ARTICLE TEN – NOMINATION AND ELECTION OF OFFICERS

Section A. Nominations

  1. The Nominating Committee shall consist of 3 (three) members and be appointed by the President by April 15th. The names of the members of the Nominating Committee shall be published in the May Newsletter, so members who wish to nominate a candidate will know whom to call.
  2. The members of the Nominating Committee shall elect a chairman who will preside at all meetings of the Committee. They will propose at least one name for each office.
  3. The person nominated to be President should, by preference, have been a member of the organization for at least two years and a board member for at least one.
  4. The proposed slate of officers shall be published in the July Newsletter.
  5. The Nominating Committee shall be responsible for mailing to all members a notice of the time and place of the election/annual meeting, stating the proposed slate, and including an absentee ballot.

Section B. Elections

  1. Election of officers shall be at the annual July/August meeting, by voice vote, except in the event that there is more than one nominee for an office. That office will then be elected by a secret ballot. The election will be decided by a majority vote of those present, plus any absentee ballots cast, and received by the date of the annual meeting.
  2. Nominations will be taken from the floor.
  3. The Nominating Committee shall be responsible for tallying the votes, and certifying the election.
  4. Each household has one vote.
  5. For continuity of the Board, the Nominating Committee shall try to balance new and experienced members of the Board.

Section C. Term of Office

  1. All officers shall be elected for a term of one year
  2. Officers shall take office at the September board meeting, and shall remain in office until such time as their successors are installed.
  3. Elected officers shall hold office for no more than 2 (two) consecutive years in the same office, or until successors have been installed.

ARTICLE ELEVEN – FINANCE

Section A. Fiscal Year

  1. The fiscal year of the organization shall be from September 1st to August 31st.
  2. All bills for the current year shall be in the hands of the Treasurer by August 31st at which time the books shall be closed and an annual report be prepared for the Audit Committee.

Section B. Dues

For the Membership Year of September 1st – August 31st , yearly dues of thirty-five dollars ($45.00) are payable by September 1st. New families joining between March 1st and August 31st may pay $22.50. Notice of dues will be published in the July/August Newsletter.

Section C. Finance

  1. The Finance Committee shall consist of the Past and Present Treasurer, President and Immediate Past President, Fundraising Coordinator, Advertising Coordinator.
  2. This Committee shall prepare a budget for approval at the July meeting of the board, and for presentation at the annual meeting in August.
  3. The Board of Directors shall approve the budget prior to the annual meeting with a 75% approval vote of all board members present.

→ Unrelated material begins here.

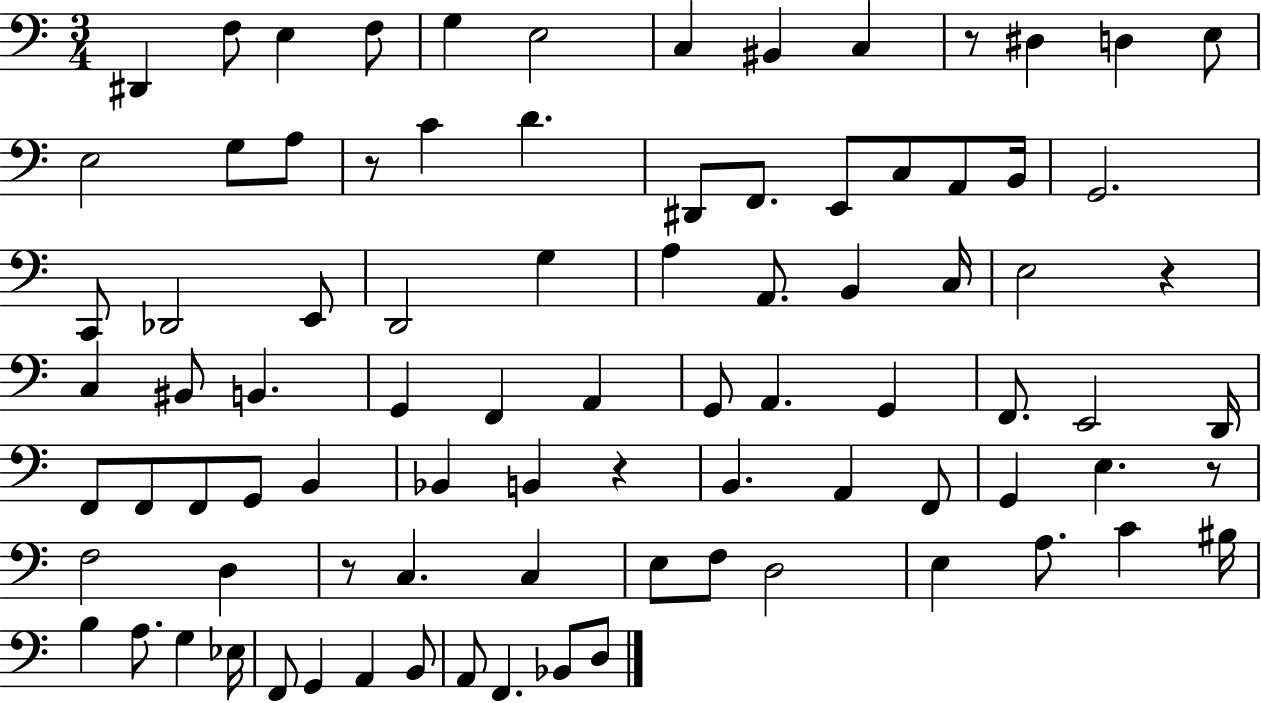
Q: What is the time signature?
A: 3/4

Section D. Audit Committee

  1. An Audit Committee consisting of 3 (three) members shall be appointed by the President with the approval of the Board.
  2. This committee shall examine the Treasurer’s books, and submit a signed report, before the October board meeting, attesting to the correctness of the Treasurer’s report.
  3. Only one member of the Audit Committee shall be a board member, 2 (two) shall be selected from the general membership.

Section E. Authority

The Treasurer or the President shall sign all checks; however, any check for the amount of $1500 (fifteen hundred dollars) or more will require the signatures of both the Treasurer and the President.

Section F. Final Disbursement

If this organization should be dissolved, its assets shall be distributed evenly between 3 (three) non-profit Social Service organizations in Redding.

ARTICLE TWELVE – AMENDMENTS

Section A

These By-laws may be amended, repealed or added to by an affirmative vote of no less than 2/3 of the board members at a board meeting.

Section B

The by-laws shall be reviewed at least every four years.

Roberts Rules of Order, Revised, shall govern in all cases to which they are applicable and in which they are inconsistent with the By-laws of the organization.


Revised and adopted at July 23, 2007 Board Meeting.